Created, baked and decorated by Miranda, who was a finalist on the first series of the BBC’s Great British Bake Off.

About this recipe

Vanilla scented almond cake is baked with a sprinkle of raspberries and a crumbly layer of golden granola. Prettily piped with cream cheese frosting and a layer of summer berries, it looks stunning topped with more berries and summery edible flowers. A homemade cake fit for a Queen!

Perfect for a Jubilee street party or a celebration with friends

Ingredients

For the Granola cake

  • 225g caster sugar
  • 225g unsalted butter
  • 4 large eggs
  • 1 teaspoon of vanilla extract or bean paste
  • 150g self-raising flour
  • 75g ground almonds
  • 2 teaspoons of baking powder
  • Raspberries (cut in half if large)
  • 200g LIZI’S ORIGINAL NUTS & SEEDS granola

Cream cheese frosting

  • 40g soft butter
  • 150g full fat Philadelphia cream cheese
  • 300g icing sugar
  • 1 teaspoon of orange zest
  • 200g raspberries
  • 200g strawberries (slice half to put in between the layers)

Method

For the crunchy granola topping:

  1. Cream together the butter and sugar with the vanilla bean paste or extract.
  2. Beat in the eggs, a little at a time, whisking well after each addition.
  3. Add the flour, ground almonds and baking powder and fold in gently with a spatula or metal spoon.
  4. Line two seven inch loose bottomed tins with non-stick baking paper and lightly grease the sides of the tin.
  5. Preheat the oven to 180 degrees.
  6. Scrape half of the mixture into each tin and smooth gently.
  7. Put a circle of halve raspberries around the edge of the cake.
  8. Pop into the oven and set a timer for 15 minutes.
  9. Weigh the granola into a bowl and have ready with a spoon.
  10. After 15 minutes, open the oven and spoon the granola onto the almost baked cakes.
  11. Close the door and bake for a further 8-10 minutes.
  12. Lift the cakes out of the oven and leave to cool completely in their tins.
  13. Make the cream cheese frosting.
Cream Cheese Frosting
  1. Put the soft butter and half of the icing sugar into a mixing bowl and beat until smooth and creamy using the whisk attachment. Whisk in the cream cheese, and orange zest.
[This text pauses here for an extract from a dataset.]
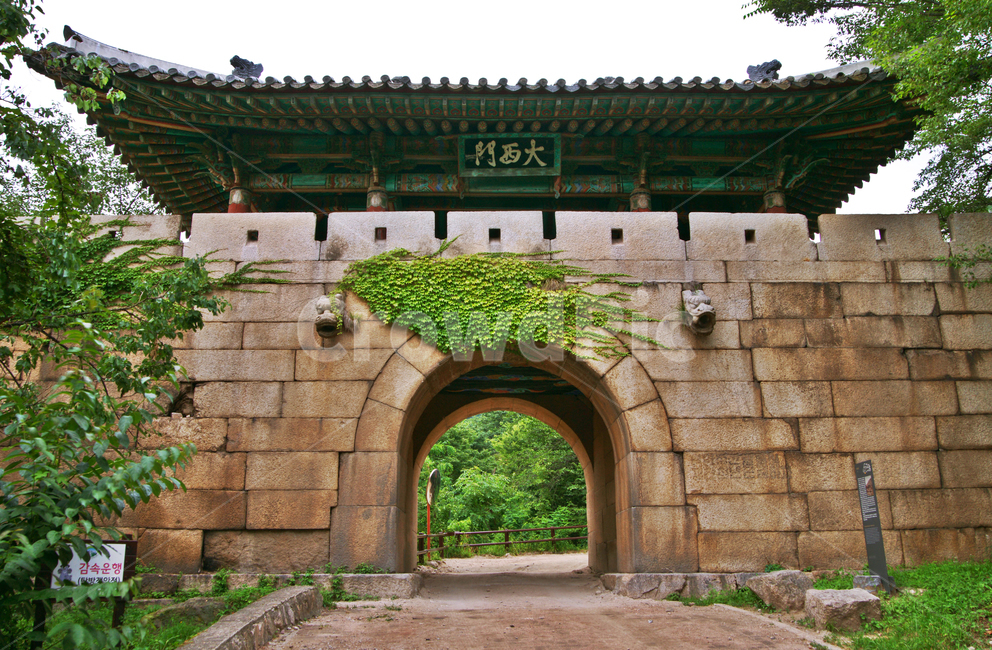 대서문,북한산성,북한산,정문,우진각지붕,산성,어영청,고건축,성곽,한국전통,한국문화,korean traditional,korean culture,건축물,건물외관,exterior,building,structure,architecture,construction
Spoon into a piping bag (this is easiest if you stretch the bag open over a large glass or jug), snip off the end when you are ready to pipe onto the flapjack layers.
  2. Pipe a few blobs of the frosting onto a cake stand or serving plate. Press on the first cake with the granola on the top. Put a swirl of frosting in the middle and a thin layer of the berries. Pipe a neat circle of frosting kisses around the edge, carefully add a few raspberries.
  3. Gently press on the next layer of cake and repeat.
  4. With the top layer, pipe kisses of frosting all over the top of the cake
  5. Decorate with the remaining berries and some pretty edible summer flowers.
  6. I used roses, elderflower blossom, forget me nots and daisies to decorate the cake.